Yoho National Park, BC

With rain in the forecast for much of Banff National Park, but not for Yoho, just an hour west, I opted to make the drive to Field, BC and the popular Iceline Trail (purportedly the jewel of this particular Park).  The winding, treelined 20-minute drive to the trailhead leads to Takakkaw Falls, a large waterfall and bustling tourist attraction.  Luckily for me, and other hikers of my ilk, most visitors were only interested in the falls, and not the potentially 22 miles of trail stretching across multiple loops along the Iceline Trail.  My plan was to hike for about 5 hours, but a mid-hike decision to take the Whaleback loop trail off the northern edge of the Iceline Trail extended my hike to roughly 8 hours and about 19 miles in total.


From Takakkaw Falls, the Iceline Trail loop runs either northwest or southeast, depending on which direction you are inclined to go.  As I ascertained most visitors were heading southeast,, likely towards the designated viewing platforms for the waterfall, I proceeded in the opposite direction.  I was generally pleased to run into very few other hikers throughout the day, roughly 20 or so in the 8 hours I trekked, and found a great deal of solitude and natural serenity, particularly on the Whaleback loop near Twin Falls.  Not originally planning to take this loop (which adds just over 5 miles but over two and a half hours in total hiking time, due to the fact that it is almost all uphill), I took one look at the terrain heading north from the Iceline Trail junction and was hooked…


A good deal of the first section of the hike up to the Whaleback is one large moraine field, requiring some degree of skill in scrambling over some large rocks, but the trail is very well marked and difficult to lose, thankfully.  I passed a group of four college-aged hikers, and only a few minutes after doing so, I heard a distinct and high-pitched squeak emanate from a group of rocks on the trail in front of me.  Squinting my eyes and zooming in with my camera, I was thrilled to discover a pika, known to be rather elusive, and generally only found at high elevations.  Little did I know at the time that he (or she) was just one of the dozen or so I would hear, and four or five I would see on the rest of my hike.

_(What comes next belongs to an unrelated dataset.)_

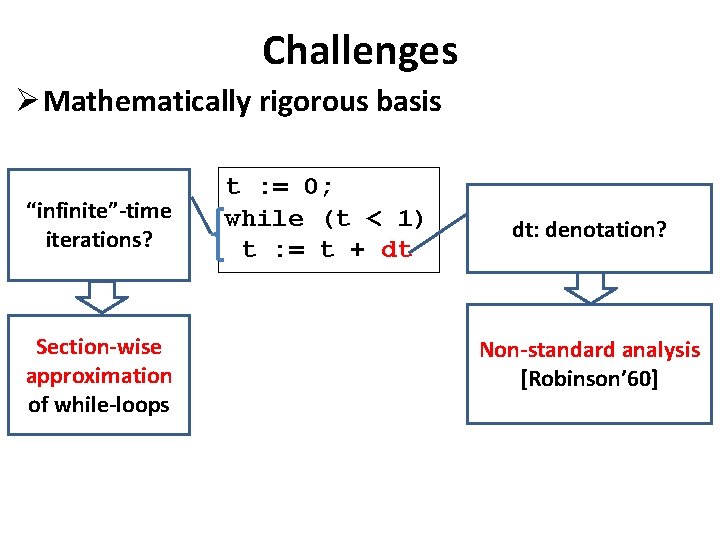Challenges Ø Mathematically rigorous basis “infinite”-time iterations? Section-wise approximation of while-loops t : =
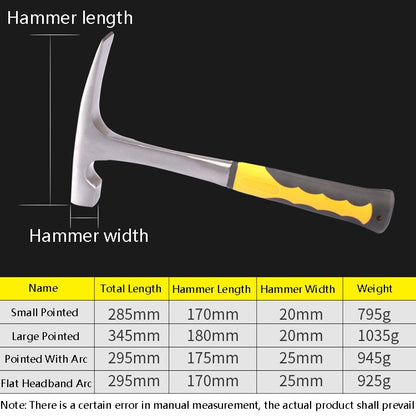 Geological Exploration Tool Multi-Function Hardware Hammer, Style: Small - Hammer by PMC Jewellery | Online Shopping South Africa | PMC Jewellery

While I had obtained a map of the trail, my biggest mistake (avid readers of Brain on Parks may be noticing a theme in this regard), was not having an elevation map of the Whaleback.  I had, incorrectly, assumed that the loop would gradually climb up to a point, and then gradually descend, as that is what appeared to make the most sense given what I could see of the topography.  Unfortunately, the loop instead ascends for 90% of the 5 miles, then plummets through a series of painfully steep switchbacks.  By the time I had completed the loop, I was far enough into the hike that it was going to be a 7-8 hour ordeal no matter what.  I was committed…



For those wondering about the topography of the above photo, my legs are dangling off of a 2,000 foot drop into the valley below.

Just a short distance further up the trail (the “up” seemed to continue endlessly…), the mouth of Twin Falls roared over the cliffside from a swift-moving river cascading down from further up into the mountains.  The following video clip best captures how the water flows into a bowl of sorts in the rock, then flows into the valley below.  If you look closely towards the end, a rainbow is faintly visible…


Just before the descent along the aforementioned ankle-crushing switchbacks, a scenic view of the other side of the valley along the ridge comes into view, following another river that I can only assume meet up somewhere to form a larger body of water, likely feeding one of the larger lakes in the area.  Make fun of my rolled-up pantlegs and long underwear combination all you want, but it was the perfect combination to keep my legs at a moderate temperature.


Descending the Whaleback drops you into a somewhat boring (by comparison) stretch of the hike, mostly through standard forest and not much other scenery to speak of, save for the small but picturesque Celeste Lake (shout out to Celeste Barr).


Completing the entire Iceline Trail would have added at least another hour and a half to to hours to my hike, so I opted to take a shortcut across the loop to ensure the completion of my hike before dark.  The final section of Iceline that I was able to experience was breathtaking, and invoked visions of Lord of the Rings.  At any moment, I was expecting to see a group of warg riders come hurdling over a rock outcropping, or to hear an unknown voice cry out in alarm, “Crebain from Dunland!” in response to a looming cloud of the black avian creatures…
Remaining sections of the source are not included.